### Task goal
Begin at the line holding "Įvairių dydžių ir spalvų vėjo malūnėliai" and set down exactly each line through the last one below, omitting pictures. Include nothing else.

### Data
━━━━━━━━━━━━━━━━━━━━
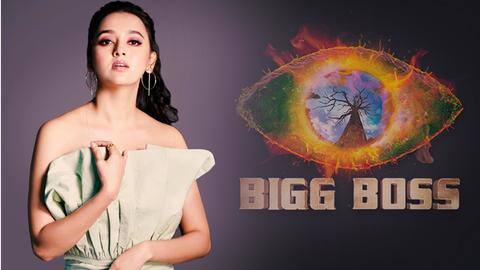 Tejasswi Prakash lifts 'Bigg Boss 15' trophy but controversies follow Tejasswi Prakash lifts 'Bigg Boss 15' trophy but controversies follow
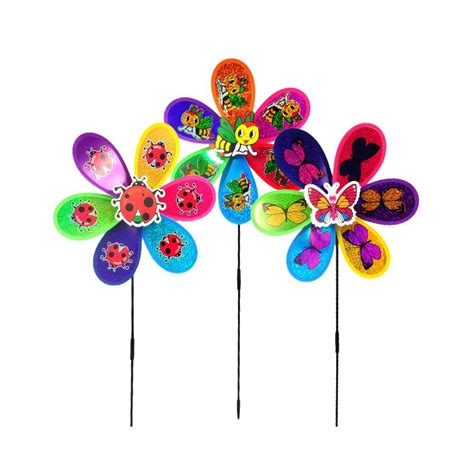 Įvairių dydžių ir spalvų vėjo malūnėliai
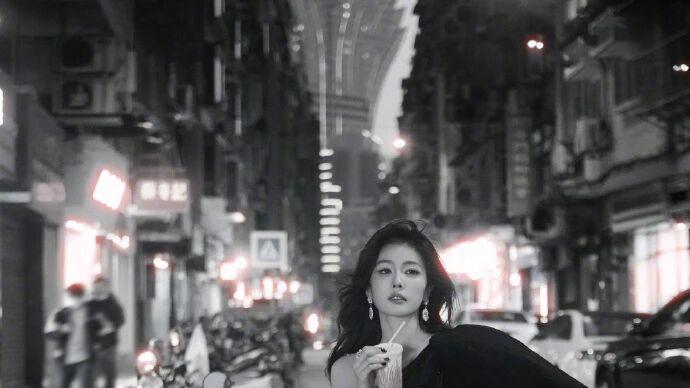 白鹿这波尖叫之夜造型，是把高定奢裹进港风骨相里的夜色美人诗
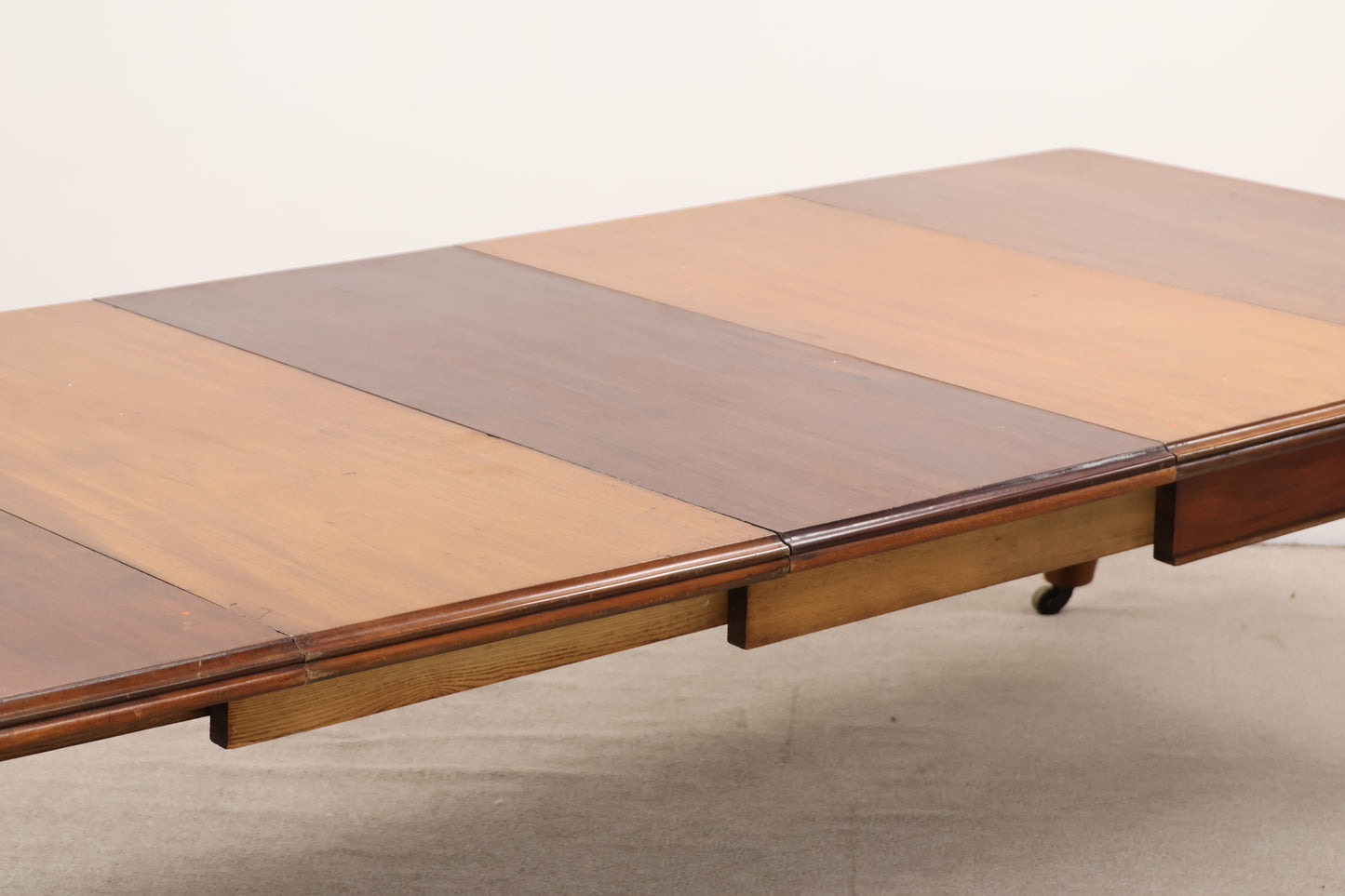 Victorian Mahogany Dining Table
━━━━━━━━━━━━━━━━━━━━
### Final answer
 Įvairių dydžių ir spalvų vėjo malūnėliai
 白鹿这波尖叫之夜造型，是把高定奢裹进港风骨相里的夜色美人诗
 Victorian Mahogany Dining Table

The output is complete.